## Problem:
Instruction for the data below: set down exactly the lines from the line with "this 1000×427 image." to the line with "this 800×600 image.", inclusive, and no others.

## Extracted information:
=======
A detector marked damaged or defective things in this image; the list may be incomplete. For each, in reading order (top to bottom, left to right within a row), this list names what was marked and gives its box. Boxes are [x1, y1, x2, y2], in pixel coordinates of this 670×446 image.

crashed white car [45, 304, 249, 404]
=======
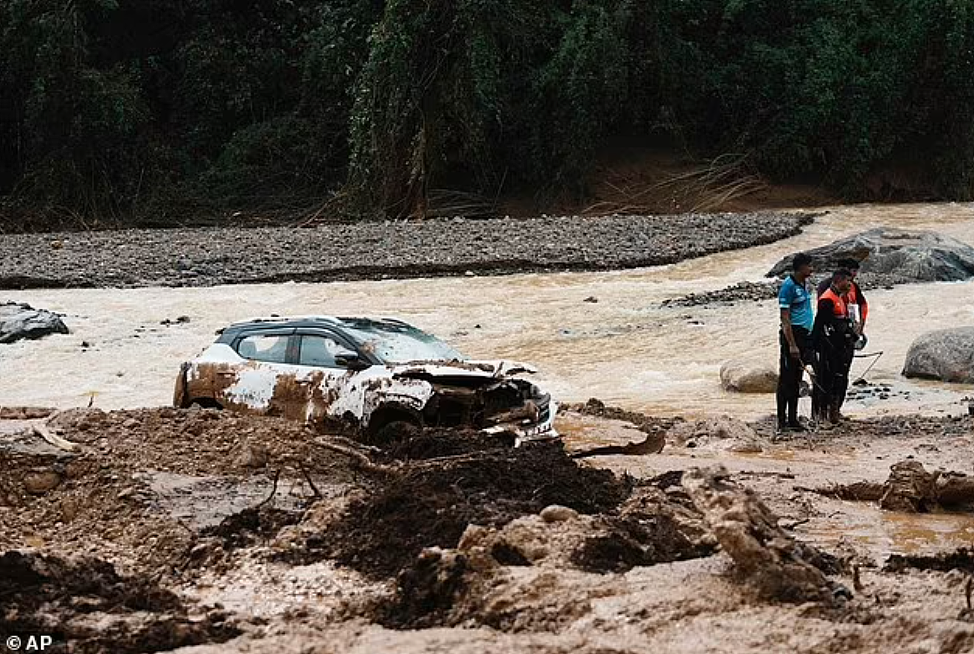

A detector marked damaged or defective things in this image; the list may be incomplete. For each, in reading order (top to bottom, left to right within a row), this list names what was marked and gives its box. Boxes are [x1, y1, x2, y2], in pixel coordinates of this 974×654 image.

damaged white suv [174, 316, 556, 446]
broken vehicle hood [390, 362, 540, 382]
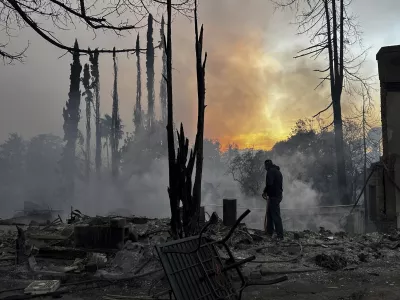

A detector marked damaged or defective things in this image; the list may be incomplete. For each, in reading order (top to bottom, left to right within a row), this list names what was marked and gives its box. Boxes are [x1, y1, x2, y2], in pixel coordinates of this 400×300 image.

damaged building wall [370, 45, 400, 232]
=======
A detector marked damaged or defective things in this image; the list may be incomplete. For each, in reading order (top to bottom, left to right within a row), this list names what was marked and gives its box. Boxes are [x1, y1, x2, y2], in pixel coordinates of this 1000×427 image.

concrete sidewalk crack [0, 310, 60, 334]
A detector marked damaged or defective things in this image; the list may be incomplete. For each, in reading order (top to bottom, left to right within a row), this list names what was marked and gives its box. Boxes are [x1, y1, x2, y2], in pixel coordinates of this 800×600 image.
=======
## Answer section:
A detector marked damaged or defective things in this image; the list may be incomplete. For each, in reading order (top to bottom, left to right within a row), this list names what was marked and gives its box. Boxes are [x1, y1, x2, y2], in pixel coordinates of this 1000×427 image.

concrete sidewalk crack [0, 310, 60, 334]
A detector marked damaged or defective things in this image; the list may be incomplete. For each, in reading order (top to bottom, left to right within a row), this list names what was marked and gives its box. Boxes are [x1, y1, x2, y2], in pixel coordinates of this 800×600 image.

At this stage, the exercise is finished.